Request Body (multipart/form-data):
- access_role
(form field): Target access role for the document
- file
(file): Document file to upload
Response:
{
"message": "File uploaded successfully",
"file_name": "example.pdf",
"additional_info": {
"bucket_name": "bucket-role1",
"object_key": "example.pdf",
"normalized_filename": "example.pdf",
"size": 12345
}
}
4. Update Document¶
PUT /documents/{document_id}
Updates an existing document by uploading a new version to S3.
Parameters:
- document_id
(path): ID of the document to update
Request Body (multipart/form-data):
- access_role
(form field): Access role context for the operation
- file
(file): New document file content
Response:
{
"message": "Document updated successfully",
"document_id": "1",
"file_name": "example.pdf",
"additional_info": {
"original_filename": "example_updated.pdf",
"size": 13456
}
}
5. Delete Document¶
DELETE /documents/{document_id}
Deletes a document from both S3 and the database.
Parameters:
- document_id
(path): ID of the document to delete
Request Body:
{
"access_role": "ROLE1"
}
Response:
{
"message": "Document deleted successfully",
"document_id": "1",
"file_name": "example.pdf"
}
Access Control¶
- Users can only access documents that have at least one access role in common with their assigned roles
- For upload operations, users must have the specific access role they're uploading to
- For update/delete operations, users must have the specific access role and the document must be assigned to that role
- All operations validate user permissions before proceeding
File Processing¶
- Uploaded files are automatically normalized (special characters, umlauts, spaces converted to underscores)
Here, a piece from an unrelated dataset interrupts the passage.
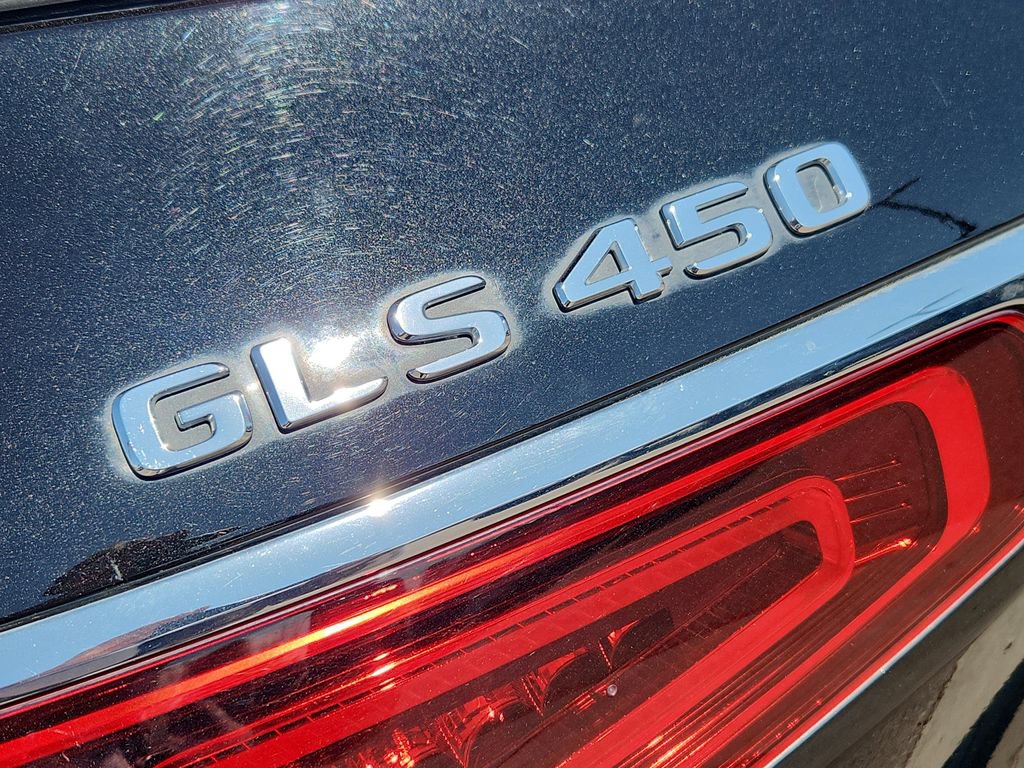 Used 2023 Mercedes-Benz GLS 450 4MATIC image 12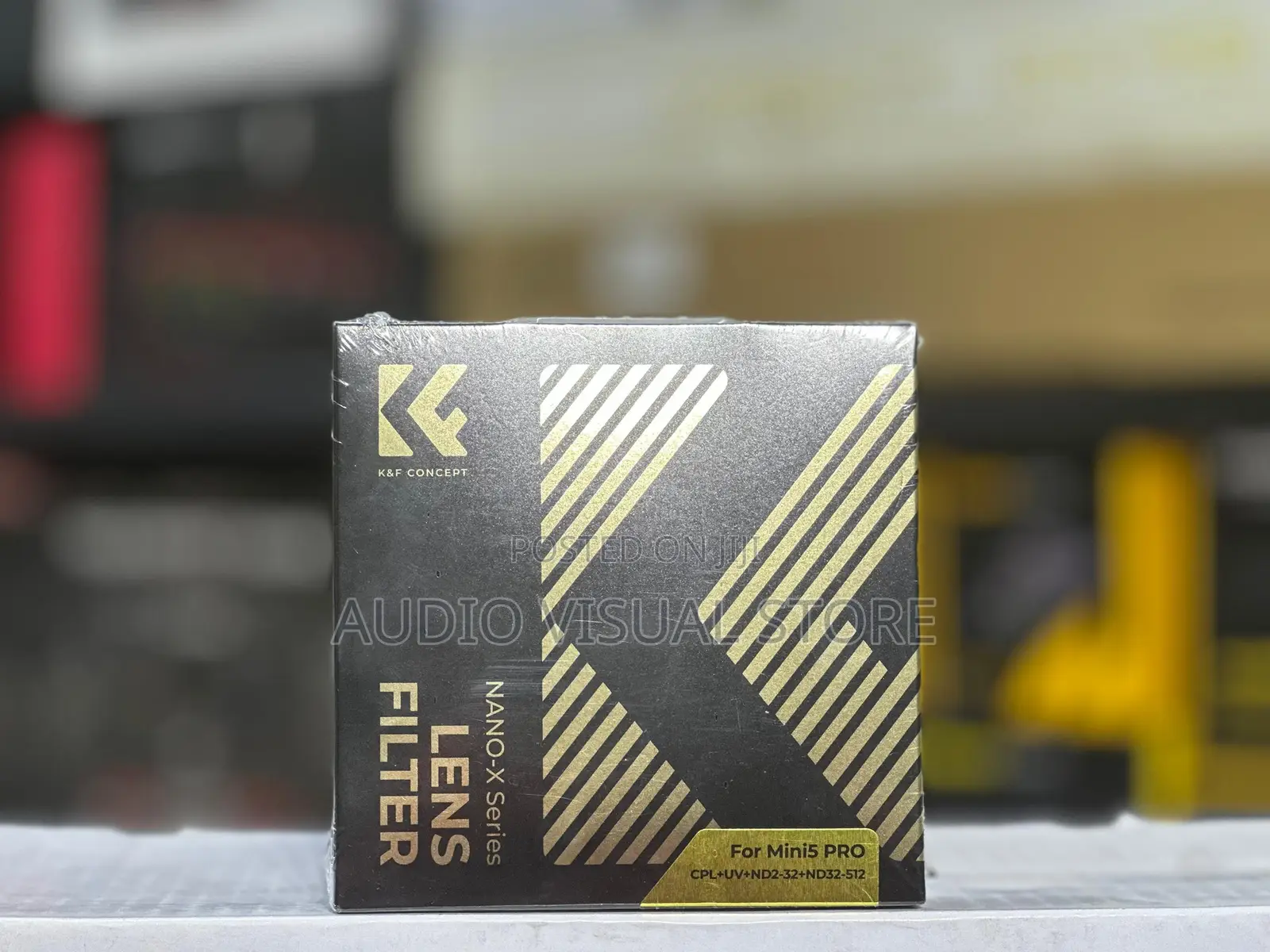 K$F Nd Filter for Mavic and Mini 5 Pro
- Files are stored in S3 buckets specific to each access role (format:
{bucket_prefix}-{role}
) - The document ingestion service will automatically process uploaded files for search indexing
- Updated documents will be reprocessed by the ingestion service when detected
Error Responses¶
400 Bad Request
: Invalid request parameters or missing file401 Unauthorized
: Authentication required or invalid token403 Forbidden
: Access denied to specified role or document404 Not Found
: Document not found500 Internal Server Error
: Server-side processing error